TASK GOAL: Lines from the one containing "Satpajevova smlouva s" through the last one in the data below: write them out word for word, and only them.

PROVIDED ENTRIES:
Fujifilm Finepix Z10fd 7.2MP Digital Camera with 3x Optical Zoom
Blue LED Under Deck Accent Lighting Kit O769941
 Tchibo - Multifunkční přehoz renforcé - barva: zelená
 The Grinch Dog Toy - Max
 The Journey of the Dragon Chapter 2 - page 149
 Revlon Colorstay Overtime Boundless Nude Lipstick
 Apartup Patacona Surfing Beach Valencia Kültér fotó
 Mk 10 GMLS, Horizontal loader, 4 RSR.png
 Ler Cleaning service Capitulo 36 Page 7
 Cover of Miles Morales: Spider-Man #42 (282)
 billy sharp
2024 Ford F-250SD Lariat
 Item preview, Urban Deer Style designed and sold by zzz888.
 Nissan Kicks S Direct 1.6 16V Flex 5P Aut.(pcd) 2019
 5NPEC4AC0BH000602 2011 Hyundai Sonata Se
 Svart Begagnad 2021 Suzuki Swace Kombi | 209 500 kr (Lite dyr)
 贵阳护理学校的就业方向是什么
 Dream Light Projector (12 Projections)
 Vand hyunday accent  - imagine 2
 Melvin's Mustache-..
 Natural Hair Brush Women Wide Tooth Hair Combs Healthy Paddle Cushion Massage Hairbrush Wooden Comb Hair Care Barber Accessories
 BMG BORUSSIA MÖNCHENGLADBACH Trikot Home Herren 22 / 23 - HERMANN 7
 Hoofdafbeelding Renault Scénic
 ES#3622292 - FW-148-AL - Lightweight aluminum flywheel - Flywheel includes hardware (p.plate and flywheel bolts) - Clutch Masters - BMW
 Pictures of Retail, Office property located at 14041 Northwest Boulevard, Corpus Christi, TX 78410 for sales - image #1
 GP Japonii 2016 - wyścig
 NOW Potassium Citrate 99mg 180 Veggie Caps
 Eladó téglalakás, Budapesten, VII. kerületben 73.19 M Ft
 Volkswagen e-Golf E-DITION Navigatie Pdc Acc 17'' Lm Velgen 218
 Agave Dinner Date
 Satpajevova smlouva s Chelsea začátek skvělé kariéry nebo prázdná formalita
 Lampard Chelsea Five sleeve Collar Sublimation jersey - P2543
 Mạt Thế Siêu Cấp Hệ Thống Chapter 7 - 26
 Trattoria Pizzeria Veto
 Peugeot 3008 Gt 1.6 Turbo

RESPONSE TO THIS TASK:
 Satpajevova smlouva s Chelsea začátek skvělé kariéry nebo prázdná formalita
 Lampard Chelsea Five sleeve Collar Sublimation jersey - P2543
 Mạt Thế Siêu Cấp Hệ Thống Chapter 7 - 26
 Trattoria Pizzeria Veto
 Peugeot 3008 Gt 1.6 Turbo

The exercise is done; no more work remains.